Maybe not, but we knew these problems existed, and, when our turn came, we did not fix them for our children. In fact, in many cases listed above, we only made them worse.
Conservatives are supposed to value the individual and reject collectivism, yet so many fall for this line that people are to be classified according to their birthdate. There are good and bad in every so called generation, and collective guilt is no more a valid concept than are other forms of collectivism.
Get a Job...,,
I have NOTHING TO APOLOGIZE FOR.
I totally agree with you
I read this as a rhetorical method to point up the generational changes without placing blame for the current failings on the younger.
By couching it this way it tells them what they can change and filter for their kids.
My kids filter the media their kids see relentlessly.
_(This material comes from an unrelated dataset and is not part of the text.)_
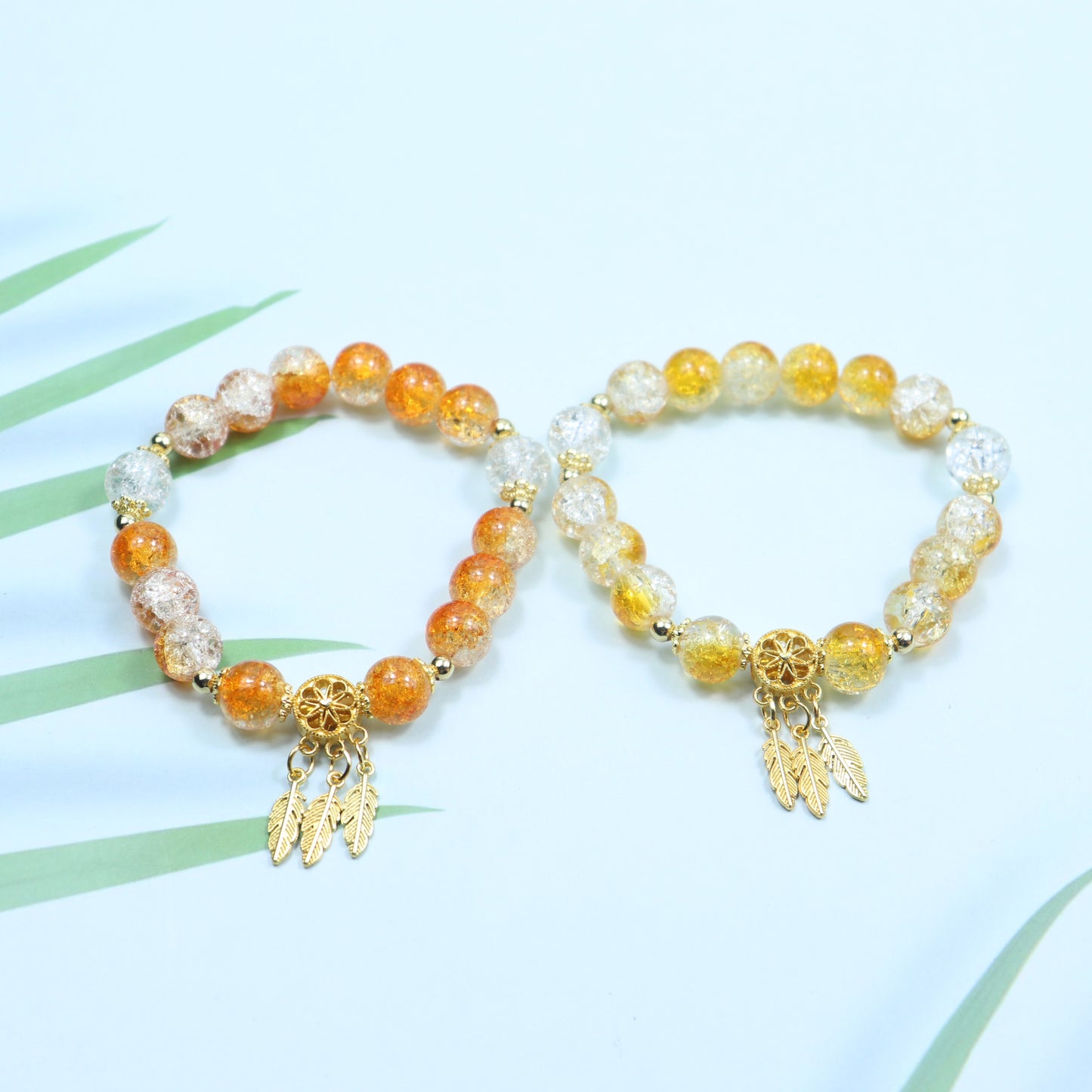 Gold Beaded Feather Glass Chipping Beads Bead Night Market Bracelets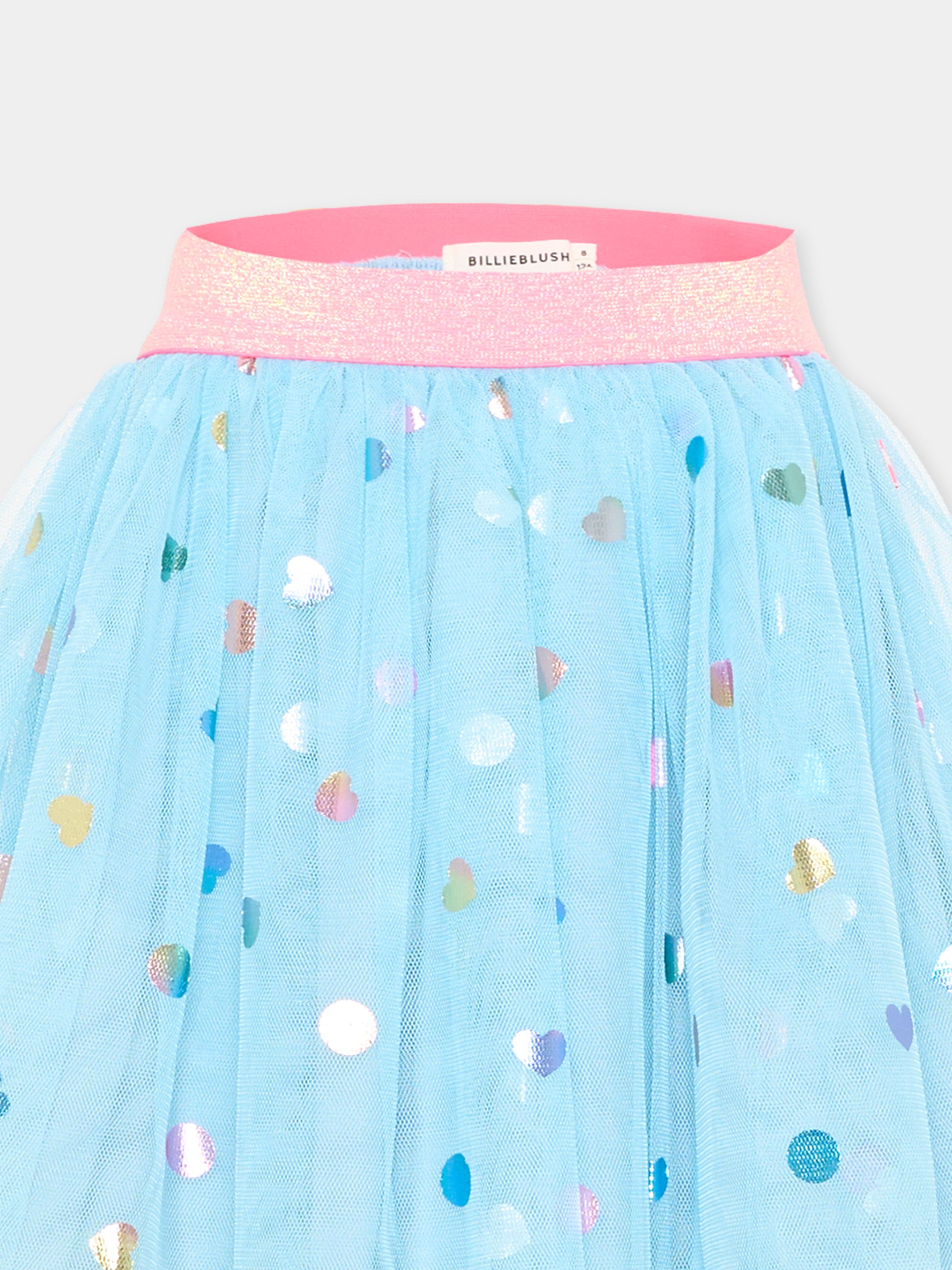 Gonna celeste per bambina con cuori,Billieblush,U22569 78R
Others might if they absorb this sort of broad view.
All this focus on generations is a lazy and prejudicial way of looking at things.
Yes, but the boomers that made their “Long March” up into the control of academia and government bureaucracies have done a fine job screwing things up.
The rest of us were too busy working and doing what we thought right.
The question is, why did the Greatest Generation spoil their kids so badly? - PING!
But you didn't get any attention from the media class like the hippies, which must mean you didn't exist.
Assigning generational guilt is the sign of a lazy thinker, Prager, and makes you look the fool.
We knew the problems existed, but the WWII generation wouldn’t let us fix them.